So like I know that sector too, like I think, let me actually just say one thing that you didn’t ask, and I think if you really want to make some changes, it can’t just be about personal consumption habits. You have to get active as a citizen, as Bertolt Brecht said, the job of the citizen is to keep their mouth open.

Talk to your elected representatives, organize your friends. Start campaigns be active. And for me, that’s always something that, as I felt as worked for making changes in the food system, when I was at whole foods, none of their big quality standard programs happen in a vacuum. It was usually because we at whole foods had been approached by an advocacy group by a activist shareholder group by campaigners.

Like I said, Greenpeace was one of them, but also the global animal compassion standards at whole foods, the animal welfare standards were due to an animal rights person reaching out to whole foods. So none of this stuff happens in a vacuum. And I think it’s important for your listeners to know, to be active as a citizen.

Not just as a consumer. Now that being said, you know, in terms of what you should or could eat. I think the first thing to do is try to eat a diverse diet. Like, and this is where I, and I’ve been a vegan before I was vegan in the nineties before it was cool. And before I was a vegan before silk was around, right.

That’s hard. It was, it was hard. Um, but for me, I was motivated through a lot of these same concerns. Um, and I can’t do it anymore. I can’t really tolerate wheat.
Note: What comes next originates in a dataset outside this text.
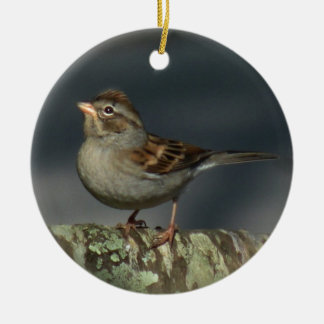 Sparrow Ornament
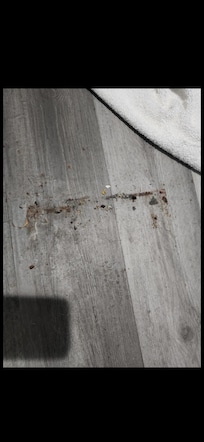 Piso por donde esta la mesa para comer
I got to watch how much soy you eat. It just doesn’t agree with me guys. Right. Um, I’ll say there. Yeah. Yeah. And so it’s about eating a diverse diet as much as possible.

And that’s one of the things. When you see simple solutions for complex problems, that’s always when the red flag goes up, oh, you can just replace all this factory farm beef with cultured meat. You could replace all this, uh, all these varieties of seafoods with just plant-based seafood. Yeah. You could replace some and I do endorse it.

I personally enjoy it. I helped formulate it. You know, I’m not going to say no. And in fact, the guys who ran that company and started are good friends of mine. They’re brilliant chefs, Chad and Derek Sarno. Good catch. Right. And they also are, uh, founders of co-founders of wicked kitchen, like brilliant, wonderful human beings who have really just like the best intentions, like for entrepreneurs to actually have that much of a heart of sustainability.

They really get it. And we took a lot of care in the. When I was at good cash in terms of non GMO, soy, you know, testing for glyphosate residue, which is the active ingredient in Roundup, which is, uh, estrogen active and no, uh, potentially carcinogenic. So making sure, um, but then, you know, keeping the soy content low as well.

Cause it’s concerns about soy in and of itself being estrogen active, um, you know, being needs, eaten, and moderation and to mostly have it as chickpeas and other legumes, you know, and that’s the other thing. And even, um, as much as I disagree with the dudes from impossible burger, about some of what they say and what they’re doing with like hemoglobin and all this GMO stuff, you know, I think they would agree that we should diversify the plant-based ingredients more, you know, and I think we need to look at a greater variety of lagoons and grains that could be used in plant-based foods as analogs

[00:52:40] Jess: within one individual product diversify

[00:52:43] Errol Schweizer: or across the board.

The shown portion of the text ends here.